The next day the Fijian navy boat arrived to log our details and complete the process of quarantine whilst at anchor. In the meanwhile, we were allowed to swim but not visit other yachts or go ashore. Our agent, Josephine Morris of Yacht Partners, kept us well informed and two days later the navy brought the health official on board to take our temperatures and nasal swabs. Three days later another health official came on board to issue our Pratique (health clearance). We then entered the marina briefly to complete the remaining entry formalities. Whilst entry to Fiji is unusually costly (about US$1000) cruisers are allowed to remain in the country for up to five years and explore this very extensive island group.
Free to enjoy beautiful Fiji
I walked down to a nearby supermarket to buy some fresh produce and was fortunate to pass by a welding firm who undertook to repair my broken steering linkage. I also decided to beef up my trusty epoxy fitting to serve as a future backup for both port and starboard rudders. Whilst waiting two days for this to be done I could see how one could get used to island life. The weather is ‘shorts and T-shirt’ balmy – but not too humid presently – and one only needs a sheet as a cover at night, even with the cabin hatch wide open to the stars above.
The quarantine anchorage off Denarau is very exposed and as soon as I was able, I made use of a gentle south easterly breeze and sailed the short hop west to Musket Cove where I was happy to tuck in behind a headland and shelter from what had become a breezy 20-25 knot wind.
After months of placid cruising it wasn’t easy to make the decision to leave the predictability and comfort of New Zealand and make the challenging passage north. Furthermore, once in Fiji, I had to get to grips with this extensive island group with its own unique weather and many reefs, not all of which are accurately charted. Thankfully I have a full set of satellite image charts for the area and this would partially make up for that extra set of eyes that Karin provided, seeking the safe passage ahead from a high vantage point on Moondust.
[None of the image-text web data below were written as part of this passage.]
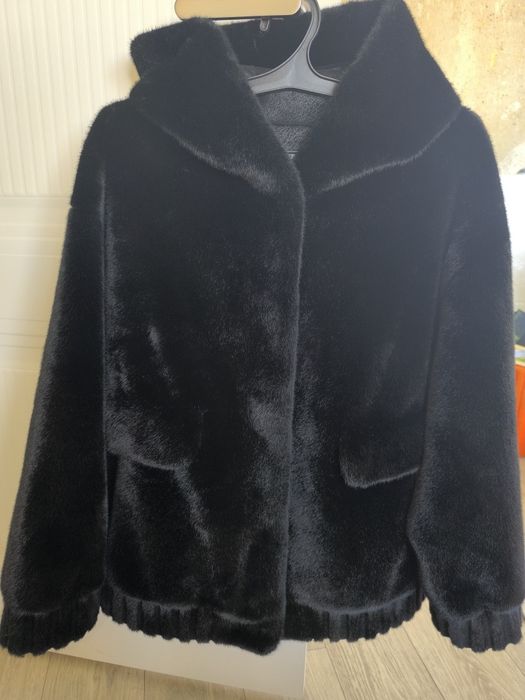 Продам шубу 46-48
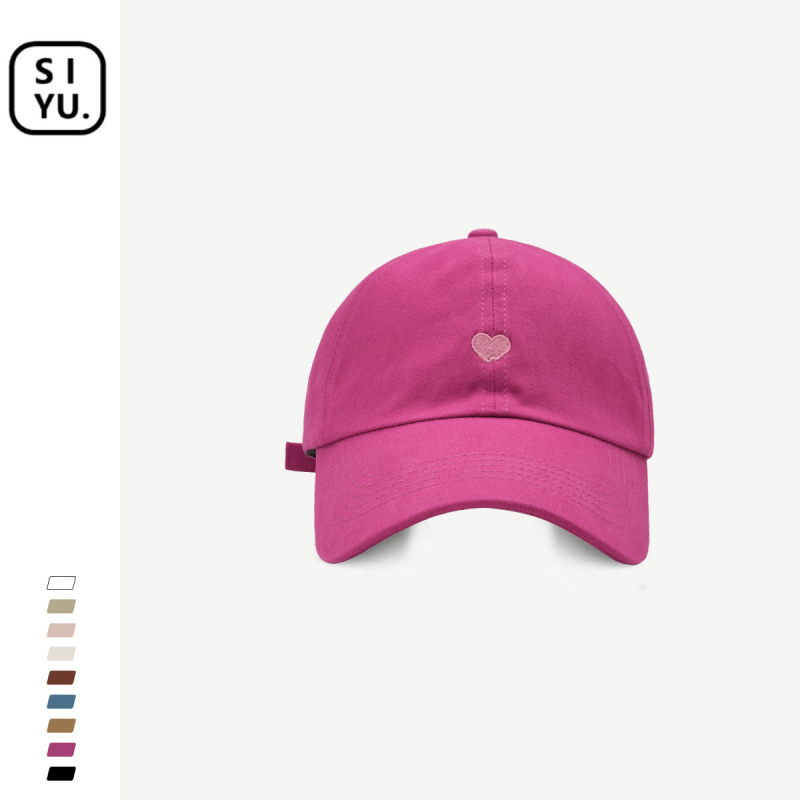 Παιδικό Καπέλο Μπέιζμπολ Γονέα-Παιδιού με Καλοκαιρινή Αλογοουρά για Κορίτσια, Άδειο Καπέλο, Μοντέρνο Σκίαστρο για Μωρά, Αντηλιακό Καπέλο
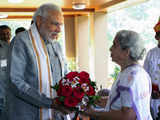 Congress veteran and former Gujarat governor Kamla Beniwal dies, condolences pour in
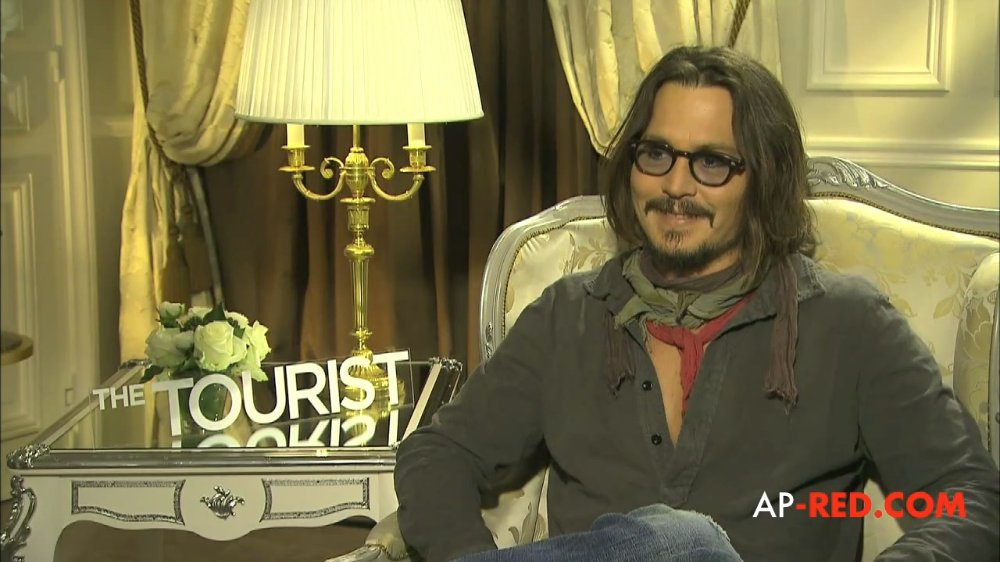 The Tourist Press Junket B7acfce635f3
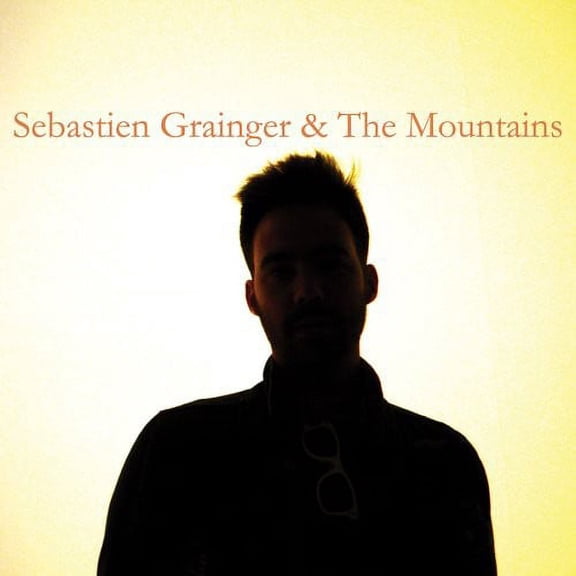 Sebastien Grainger - Sebastien Grainger and The Mountains - Alternative - CD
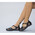 Pantofi Casual Sanda Negri 2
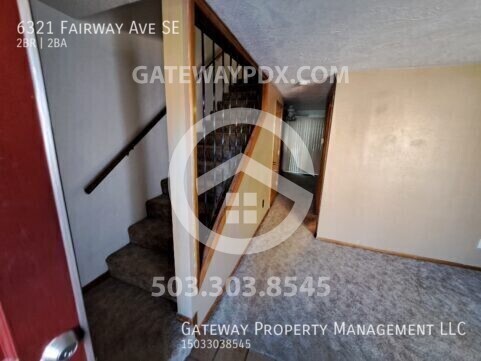 Building Photo - 6321 Fairway Ave SE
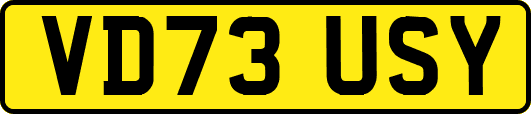 VD73USY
Circumnavigating on a small boat is not for those who wish for a predictable, placid or easy life. It is full of variety and challenge which constantly encourages, indeed obliges one to do new things, solve problems and master new skills.
Despite all the uncertainties the pandemic has created, arriving in Fiji, whilst daunting in some respects, feels very much the right thing to have done. I am greatly looking forward to exploring this beautiful island group with its friendly people and I also believe that Fiji will open its borders before New Zealand, thus giving Karin an opportunity to return to cruising life. At the moment there are no flights available from SA to Fiji until October, but we do hope that Fiji will open well before the end of the year.